Re: [suse-oracle] Linux-Clustering

From: Martin Konold (martin.konold@erfrakon.de)
Date: Thu Sep 18 2003 - 23:11:29 CEST


From: Martin Konold <martin.konold@erfrakon.de>
Date: Thu, 18 Sep 2003 23:11:29 +0200
Message-Id: <200309182311.29485.martin.konold@erfrakon.de>
Subject: Re: [suse-oracle] Linux-Clustering


Am Thursday 18 September 2003 09:23 am schrieben Sie:

Hi Yves,

> Can you give some more examples of those HA features for SuSE Linux ?
> I know about "OpenMosix" !

OpenMosix clustering software is not typically used for HA setups but for a
single image HPC (High Performance Computer). There are some uncommon
(non-dbms scenarious where OpenMosix can improve availability)

> What other software can be used to cluster Linux Pc's ?
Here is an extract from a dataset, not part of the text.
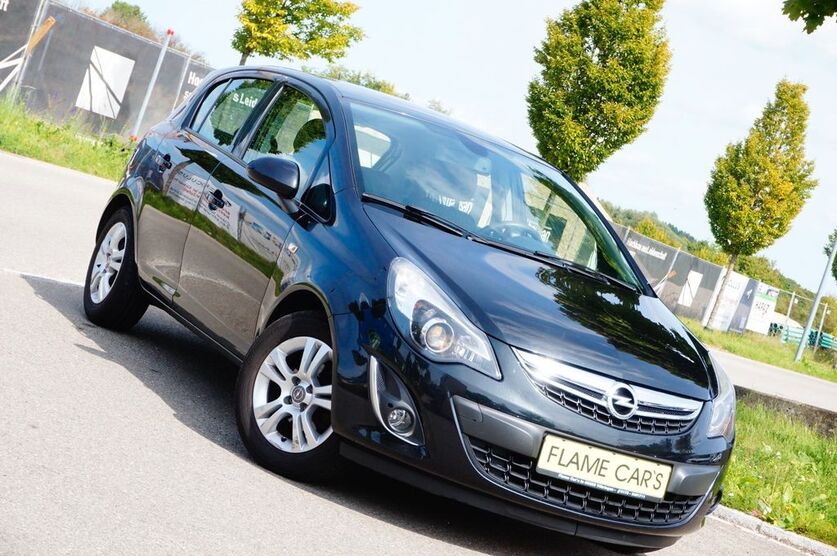 Opel Corsa 145.000 km 4.900 € Vöhringen 89269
It pretty much depends on the kind of applications your want to make highly
available, the minimum downtime you can accept and the money/effort you want
to invest.

In a lot of cases HA can simply be gained by using application level
replication technologies e.g. the traditional database replication log
approach.

On the other hand there are shared media or shared nothing approaches.

Typical shared media technologies for Oracle are nfs (http://www.netapp.com/,
certified by Oracle), shared SCSI (can use either SCSI-IDE or SCSI-SCSI
encolsures, be careful about certification) or shared FC-Arrays. There are
plenty of Oracle certified shared SCSI/FCAL solutions available. (I most
often go for HP)

Recently Oracle announced a cheap shared media solution based on Firewire.
http://otn.oracle.com/oramag/webcolumns/2003/techarticles/coekaertsfirewirese
tup.html According to my testing (we demoed this solution at Cebit this year)
 IEEE1394 is not working reliably with two hosts on a single device in many
 heavy duty cases. AFAIK Oracle currently only uses this Firewire solution
 for
"experimental" RAC setups. I have no indication that Oracle is actually
supporting Firewire setups for production.

Depending on your requirements for data availability it is possibly
recommended to have multiple paths to the shared storage without a single
point of failure.

Last but least there is the shared nothing approach of which DRDB is the most
prominent implementation. DRDB is in my opinion not giving the reliability
and robustness as required by an enterprise HA system.

Michael: Does Oracle provide service for DRDB setups?

If your application does not allow for the simple replication mechanism then
imho shared media is the most reliable solution.

For small dual node active/passive or active/active clusters Heartbeat plus
monitoring is definetly enough. Larger systems with many nodes are best
handled by more complex software like Failsave or Lifekeeper. Both Heartbeat
and Failsave are offered for SLES users.

Because DRDB was recommended on suse-oracle@suse.com I want to give some
background information why DRDB is not enterprise ready.

DRDB makes several problematic assumptions:

1. DRDB assumes that journalling filesystems allow for a correct filesystem
independent of the time when the switch off happens.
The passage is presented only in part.